The 14th Terengganu State election was held on 9 May 2018, concurrently with the 2018 Malaysian general election.. The previous state election was held on 5 May 2013. The state assemblymen is elected to 5 years term each.

The Terengganu State Legislative Assembly would automatically dissolve on 17 June 2018, the fifth anniversary of the first sitting, and elections must be held within sixty days (two months) of the dissolution (on or before 17 August 2018, with the date to be decided by the Election Commission), unless dissolved prior to that date by the Head of State (Sultan of Terengganu) on the advice of the Head of Government (Menteri Besar of Terengganu).

Pan-Malaysian Islamic Party (PAS) won the state election with 22 seats out of 32, and were able to wrestle control of the state from Barisan Nasional (BN), who only won 10 seats.
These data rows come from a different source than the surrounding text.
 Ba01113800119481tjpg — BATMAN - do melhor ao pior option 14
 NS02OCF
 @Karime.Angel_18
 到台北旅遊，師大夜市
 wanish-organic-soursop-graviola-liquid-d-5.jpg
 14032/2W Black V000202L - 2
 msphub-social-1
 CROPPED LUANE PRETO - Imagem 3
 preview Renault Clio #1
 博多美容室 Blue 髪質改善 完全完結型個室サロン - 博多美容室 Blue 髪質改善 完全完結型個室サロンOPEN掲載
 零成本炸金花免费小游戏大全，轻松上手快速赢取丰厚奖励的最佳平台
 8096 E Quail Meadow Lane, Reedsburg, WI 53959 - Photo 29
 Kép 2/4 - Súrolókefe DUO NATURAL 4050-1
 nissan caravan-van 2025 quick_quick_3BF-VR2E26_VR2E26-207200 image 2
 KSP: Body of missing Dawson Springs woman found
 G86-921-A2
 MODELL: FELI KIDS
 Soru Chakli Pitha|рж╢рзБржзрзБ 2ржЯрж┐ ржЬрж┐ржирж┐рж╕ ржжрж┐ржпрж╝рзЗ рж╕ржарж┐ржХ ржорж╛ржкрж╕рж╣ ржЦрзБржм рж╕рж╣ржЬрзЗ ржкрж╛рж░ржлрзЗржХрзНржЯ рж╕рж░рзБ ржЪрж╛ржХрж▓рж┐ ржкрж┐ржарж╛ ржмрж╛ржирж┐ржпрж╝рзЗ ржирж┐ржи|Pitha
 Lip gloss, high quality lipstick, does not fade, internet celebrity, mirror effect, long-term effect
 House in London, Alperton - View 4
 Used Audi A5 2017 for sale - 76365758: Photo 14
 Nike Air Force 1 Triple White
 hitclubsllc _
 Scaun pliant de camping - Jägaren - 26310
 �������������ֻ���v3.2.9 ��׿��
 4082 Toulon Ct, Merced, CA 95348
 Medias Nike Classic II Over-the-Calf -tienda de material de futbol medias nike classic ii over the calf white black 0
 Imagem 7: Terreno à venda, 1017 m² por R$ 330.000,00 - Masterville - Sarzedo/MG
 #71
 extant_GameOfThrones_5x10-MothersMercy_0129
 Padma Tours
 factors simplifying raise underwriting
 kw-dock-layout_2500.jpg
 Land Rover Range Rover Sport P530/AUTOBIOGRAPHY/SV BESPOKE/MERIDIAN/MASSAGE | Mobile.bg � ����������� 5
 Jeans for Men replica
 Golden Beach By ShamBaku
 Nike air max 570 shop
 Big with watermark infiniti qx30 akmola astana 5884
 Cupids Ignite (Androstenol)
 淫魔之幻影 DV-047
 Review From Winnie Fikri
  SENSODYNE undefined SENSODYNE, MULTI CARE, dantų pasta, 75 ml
PAS therefore has its first government of Terengganu since the 2004 state election, when they lost to BN. Pakatan Harapan (PH) candidates all lost in this election, and thus were unrepresented in the Terengganu Assembly. Ahmad Samsuri Mokhtar from PAS were sworn in as the new Menteri Besar on 10 May 2018.

Contenders

Barisan Nasional (BN) is set to contest all 32 seats in Terengganu State Legislative Assembly. Barisan Nasional (BN) linchpin party United Malays National Organisation (UMNO) is to set to contest major share of Barisan Nasional (BN) seats.

Pan-Malaysian Islamic Party (PAS) is set to contest all 32 seats in Terengganu.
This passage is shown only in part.